Cascais (pronounced “kesh-kysh” because in many cases the Portuguese pronounce “s” like “sh”) is a popular seaside vacation destination about 30 km west of Lisbon; a one-hour train ride. It’s the westernmost point in continental Europe. We stayed in a nice little one-bedroom vacation rental apartment that was a 15-minute walk (uphill) from downtown.
The area within a few blocks of the ocean is definitely touristy, with hotels, restaurants (most with sidewalk tables and menus in four languages), gift shops, etc. Given that Cascais is one of the more expensive places in Portugal, it caters to a middle- to upper-middle-class clientele.
Since our rental was outside the tourist area, we got a better feel for what Cascais is like for people who live there. We shopped in the local grocery stores and ate in a couple of local restaurants.
We arrived at our rental at about 6:00, after almost 20 hours of travel across nine time zones. We were hungry, but we just wanted someplace nearby. We stumbled upon a small place called Café Perola. It had four tables inside and three outside. The menu was written on a chalkboard. The waitress spoke almost no English, but thanks to our extremely limited Portuguese and Google Translate, we made it work.
We both ordered Bobó de Camarão, which was a generous helping of shrimp cooked in a yellow coconut-curry sauce, served with rice and farofa (a Brazilian staple made from finely ground yucca root). It was sooo delicious! We thoroughly enjoyed our meal, and at 13.90€ each, it was very reasonably priced.

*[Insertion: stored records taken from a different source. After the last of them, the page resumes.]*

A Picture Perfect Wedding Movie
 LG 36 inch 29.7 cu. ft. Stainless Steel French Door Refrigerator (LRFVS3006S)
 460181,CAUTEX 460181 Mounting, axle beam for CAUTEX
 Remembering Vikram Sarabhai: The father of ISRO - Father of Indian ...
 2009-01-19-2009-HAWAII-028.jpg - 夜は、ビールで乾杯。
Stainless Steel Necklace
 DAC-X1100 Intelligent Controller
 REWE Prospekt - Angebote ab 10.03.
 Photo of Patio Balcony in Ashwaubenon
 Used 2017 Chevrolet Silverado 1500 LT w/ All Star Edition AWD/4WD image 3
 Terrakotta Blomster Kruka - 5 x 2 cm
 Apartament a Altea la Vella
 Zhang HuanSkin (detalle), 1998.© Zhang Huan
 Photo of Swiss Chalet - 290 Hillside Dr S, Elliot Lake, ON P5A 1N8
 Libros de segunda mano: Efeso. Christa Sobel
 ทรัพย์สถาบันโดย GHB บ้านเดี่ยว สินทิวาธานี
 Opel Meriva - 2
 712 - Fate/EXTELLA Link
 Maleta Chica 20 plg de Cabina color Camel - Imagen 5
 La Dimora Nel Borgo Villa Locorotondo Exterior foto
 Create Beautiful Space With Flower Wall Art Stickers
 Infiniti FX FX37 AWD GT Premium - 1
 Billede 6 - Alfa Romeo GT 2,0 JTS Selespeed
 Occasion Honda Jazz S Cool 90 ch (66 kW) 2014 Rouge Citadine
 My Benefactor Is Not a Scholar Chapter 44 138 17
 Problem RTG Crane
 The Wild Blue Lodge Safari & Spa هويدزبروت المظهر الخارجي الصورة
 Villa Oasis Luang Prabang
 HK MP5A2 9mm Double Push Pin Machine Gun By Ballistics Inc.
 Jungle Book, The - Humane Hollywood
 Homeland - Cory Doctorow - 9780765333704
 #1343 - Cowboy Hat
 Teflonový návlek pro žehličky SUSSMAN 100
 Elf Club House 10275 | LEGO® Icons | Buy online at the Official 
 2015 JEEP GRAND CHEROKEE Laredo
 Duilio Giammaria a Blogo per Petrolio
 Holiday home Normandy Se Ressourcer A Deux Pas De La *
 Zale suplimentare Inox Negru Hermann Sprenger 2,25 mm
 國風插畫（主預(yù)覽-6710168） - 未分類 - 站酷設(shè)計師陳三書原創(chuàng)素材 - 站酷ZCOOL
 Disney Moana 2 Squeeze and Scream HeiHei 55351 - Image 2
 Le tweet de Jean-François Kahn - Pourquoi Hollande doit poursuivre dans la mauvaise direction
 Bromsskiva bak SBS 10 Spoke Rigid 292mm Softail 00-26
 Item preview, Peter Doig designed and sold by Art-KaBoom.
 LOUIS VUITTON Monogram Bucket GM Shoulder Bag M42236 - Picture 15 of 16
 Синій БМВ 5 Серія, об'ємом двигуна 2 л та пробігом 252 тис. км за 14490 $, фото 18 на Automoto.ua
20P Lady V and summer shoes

We’re not interested in touristy things. We prefer to visit an area’s art and history museums, parks, gardens, and other unique sights that provide a glimpse of the area’s character. Cascais offered several points of interest.
The Casa das Histórias Paula Rego is often mentioned among the top things to see in Cascais. The building is certainly distinctive, but we didn’t care for Rego’s art at all. It was far too dark, disturbing, and dystopic for our tastes.
At the nearby Cascais Cultural Center, we enjoyed the extensive exhibition of black and white photography by American photographer Rodney Smith. We had never heard of him, but his photos have been featured in Time, the Wall Street Journal, and the New York Times, in addition to commercial work for BMW, Ralph Lauren, American Express, IBM, and Heinz.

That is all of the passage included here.